── Collected material ──

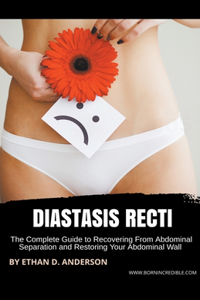 Diastasis Recti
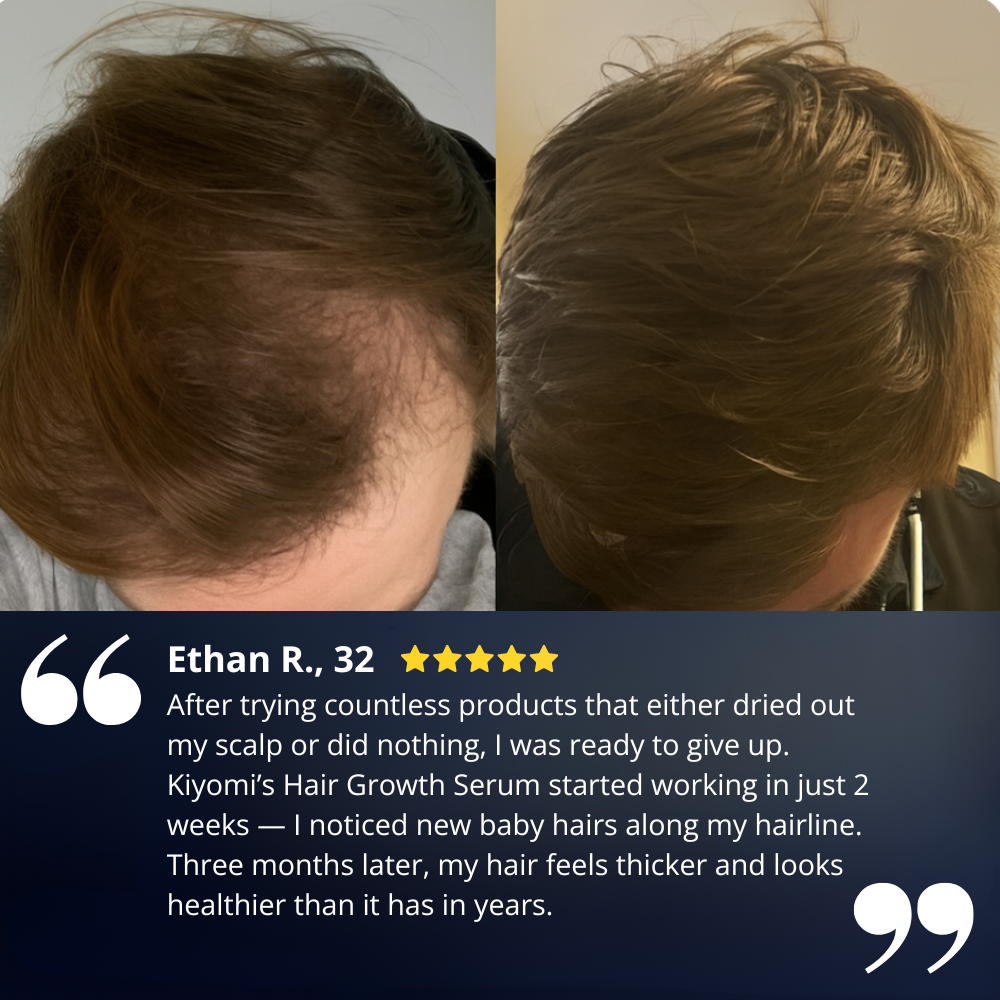 Kiyomi Hair Growth Serum Roll-On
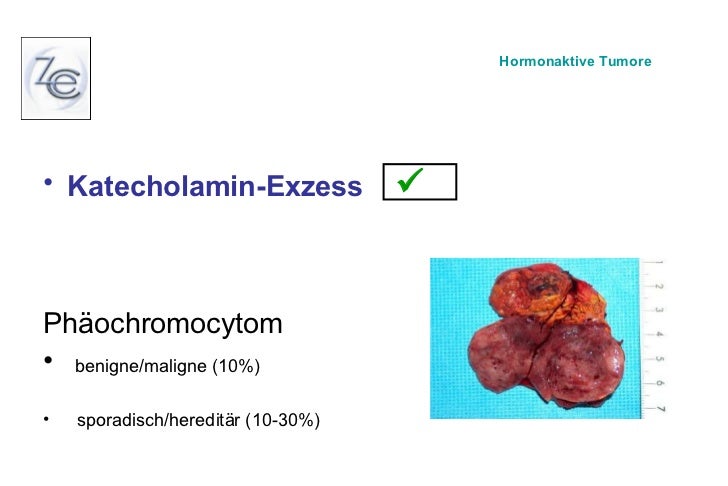 Welche endokrinen Erkrankungen gehören operiert und welche sicher n…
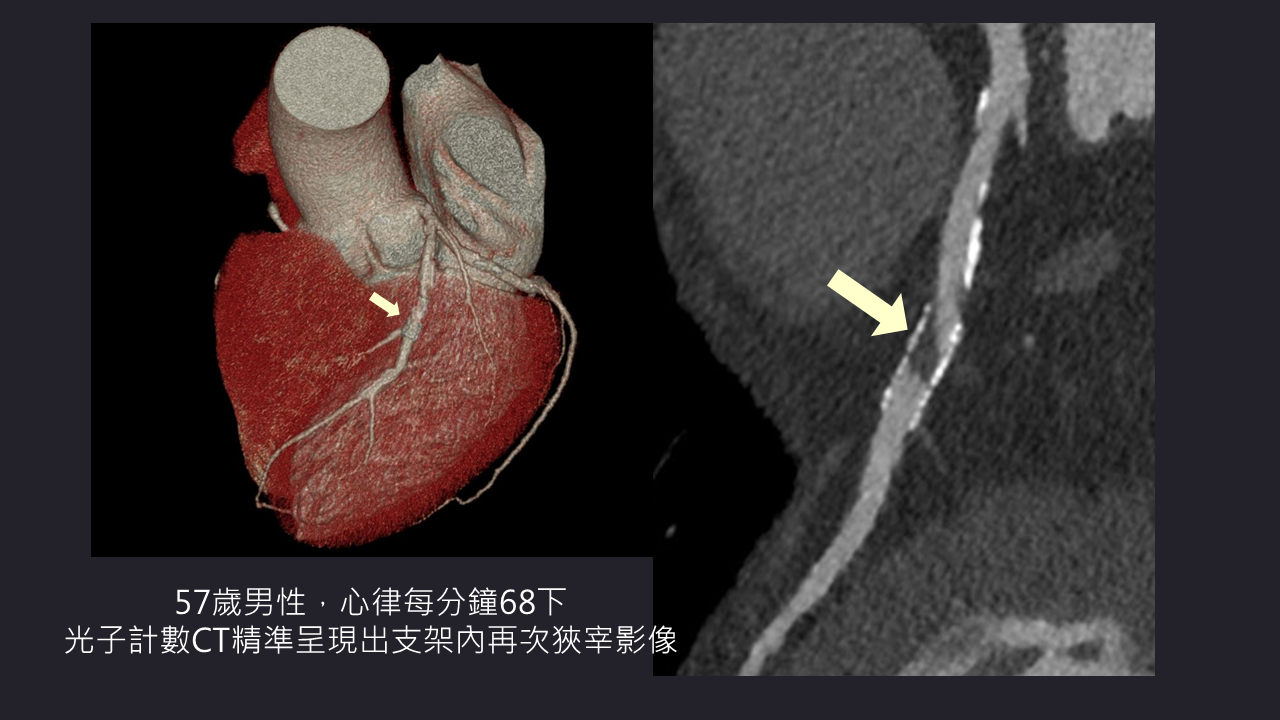 PCCT2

───

- _What is required_
Your copy should consist only of the lines from the line holding "Kiyomi Hair Growth Serum Roll-On" through the final line of the listing above, both included, with all pictures omitted.

- _Completed exercise_
 Kiyomi Hair Growth Serum Roll-On
 Welche endokrinen Erkrankungen gehören operiert und welche sicher n…
 PCCT2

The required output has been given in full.